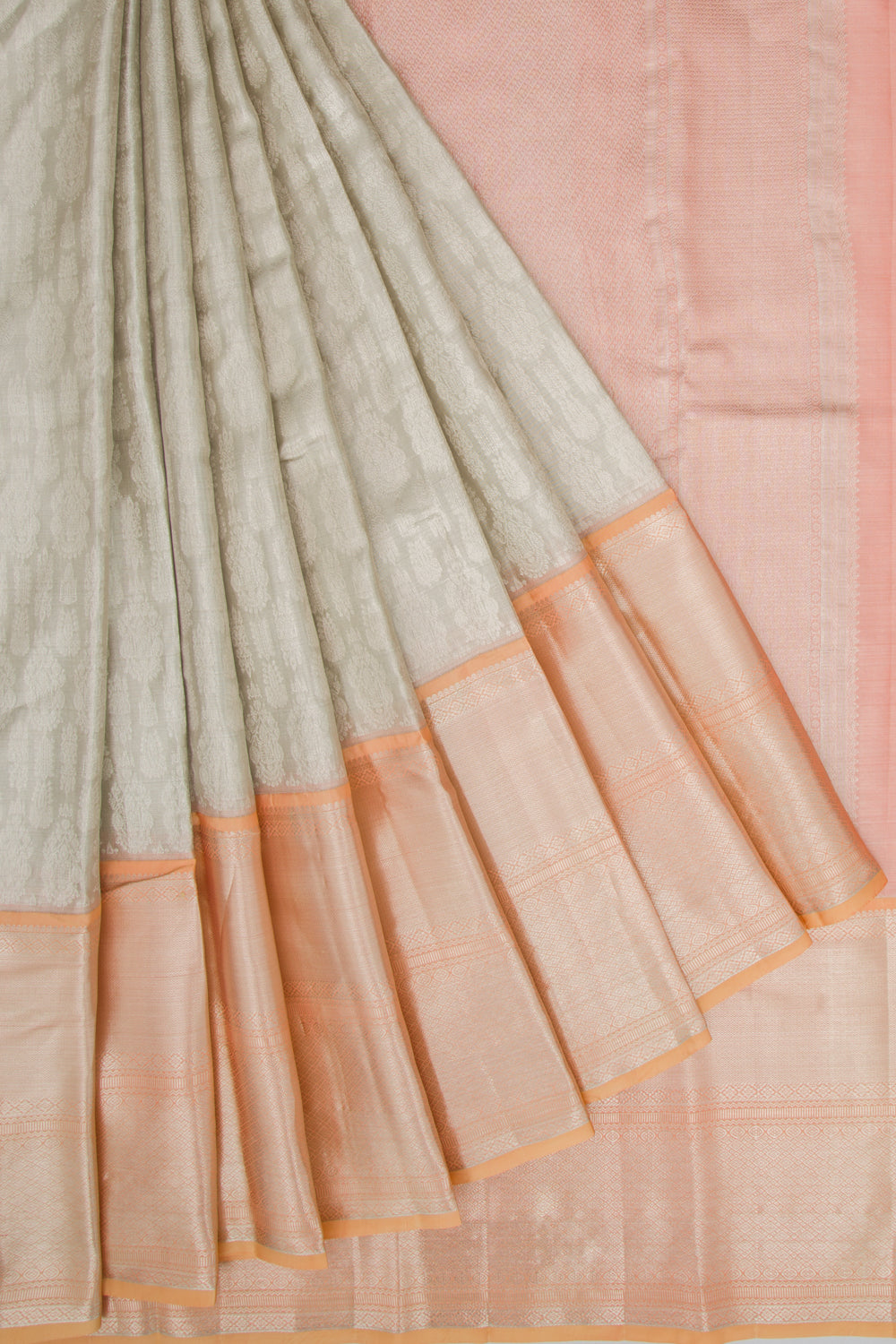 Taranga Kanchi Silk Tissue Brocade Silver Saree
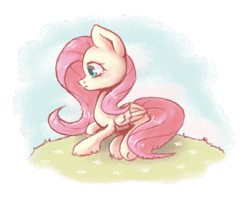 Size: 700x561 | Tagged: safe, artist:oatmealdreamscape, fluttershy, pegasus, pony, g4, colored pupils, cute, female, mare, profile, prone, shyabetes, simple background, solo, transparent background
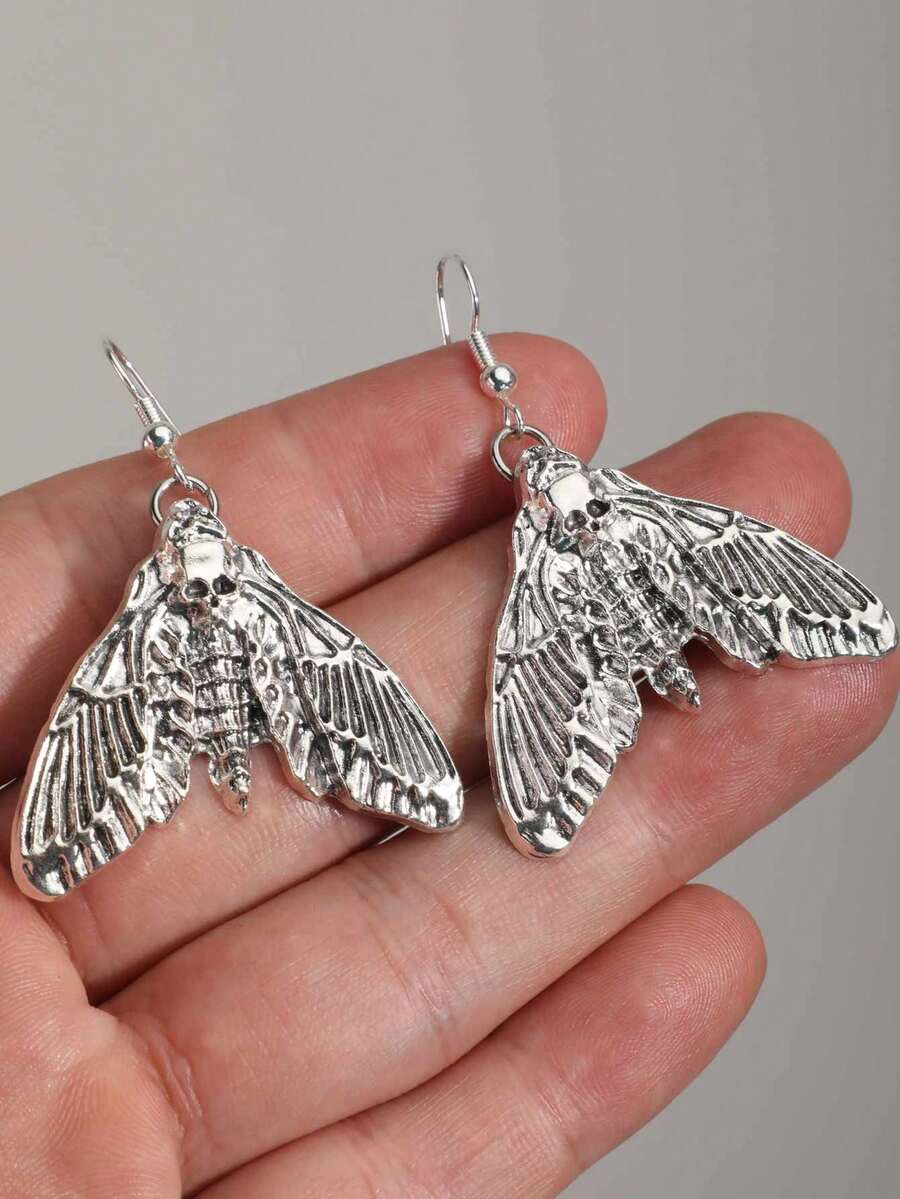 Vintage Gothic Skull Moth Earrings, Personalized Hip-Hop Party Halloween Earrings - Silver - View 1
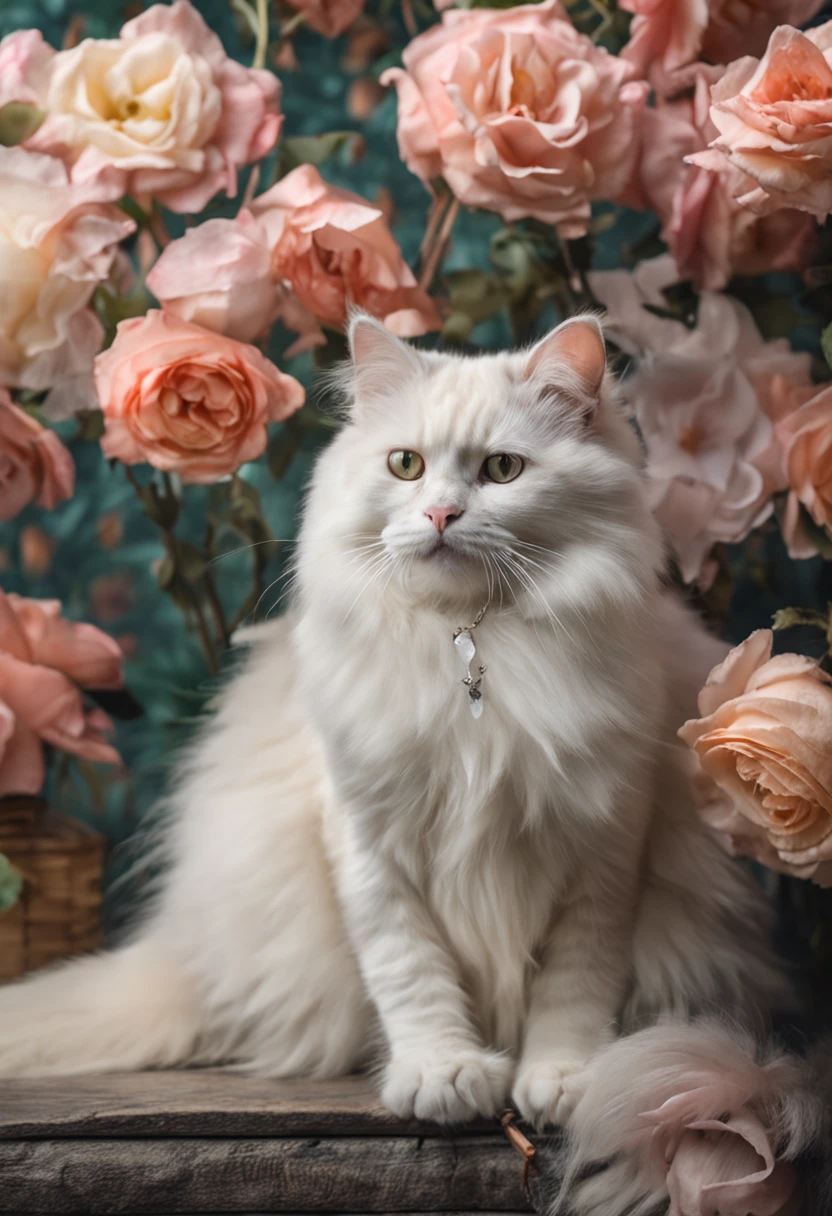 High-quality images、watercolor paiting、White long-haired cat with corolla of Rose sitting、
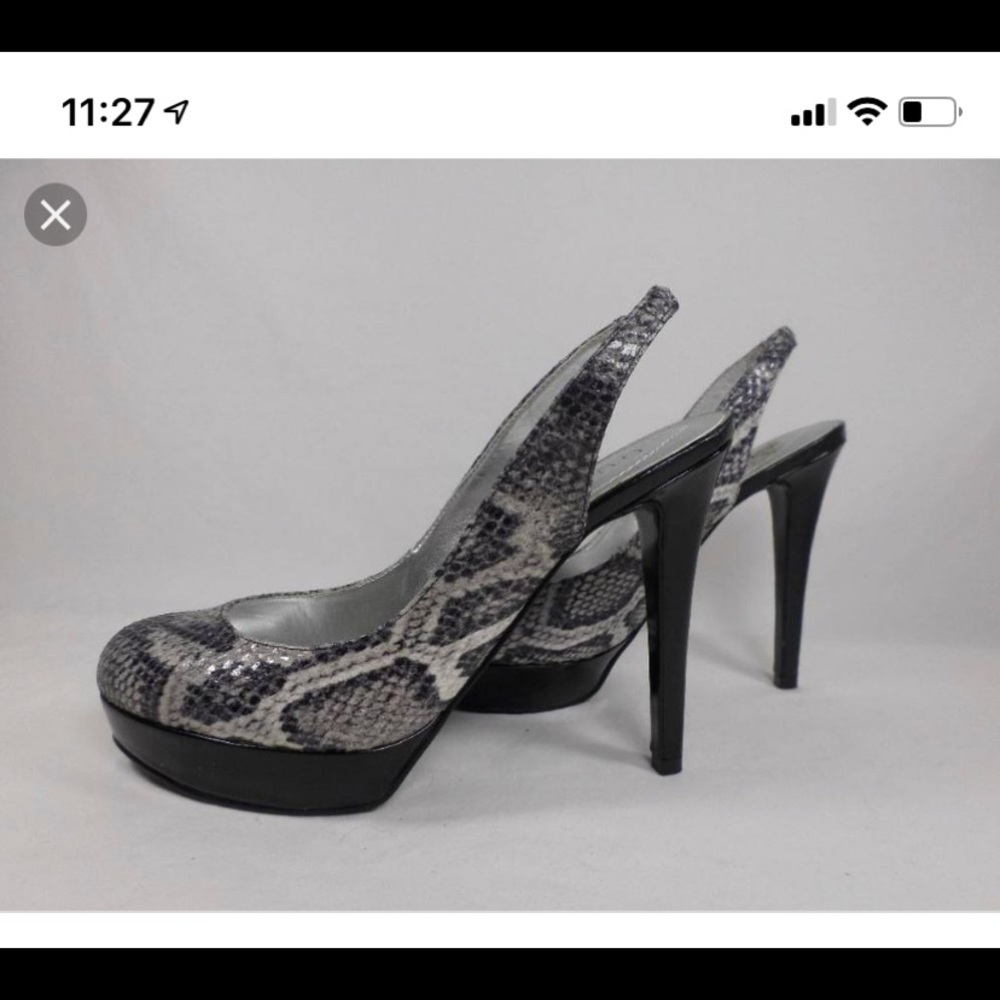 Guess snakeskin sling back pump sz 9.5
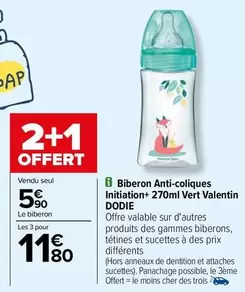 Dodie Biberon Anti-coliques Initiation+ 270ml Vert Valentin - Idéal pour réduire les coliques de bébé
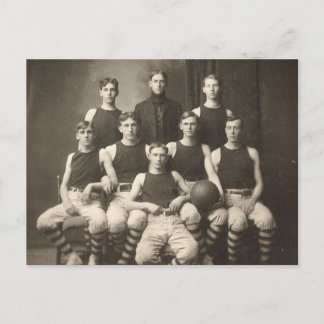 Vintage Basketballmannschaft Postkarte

_ACTION ITEM:_ With the line containing "Guess snakeskin sling back pump sz 9.5" as the first line and the last line of the listing as the final one, reproduce that span exactly, without pictures.

_PROBLEM SOLUTION:_
 Guess snakeskin sling back pump sz 9.5
 Dodie Biberon Anti-coliques Initiation+ 270ml Vert Valentin - Idéal pour réduire les coliques de bébé
 Vintage Basketballmannschaft Postkarte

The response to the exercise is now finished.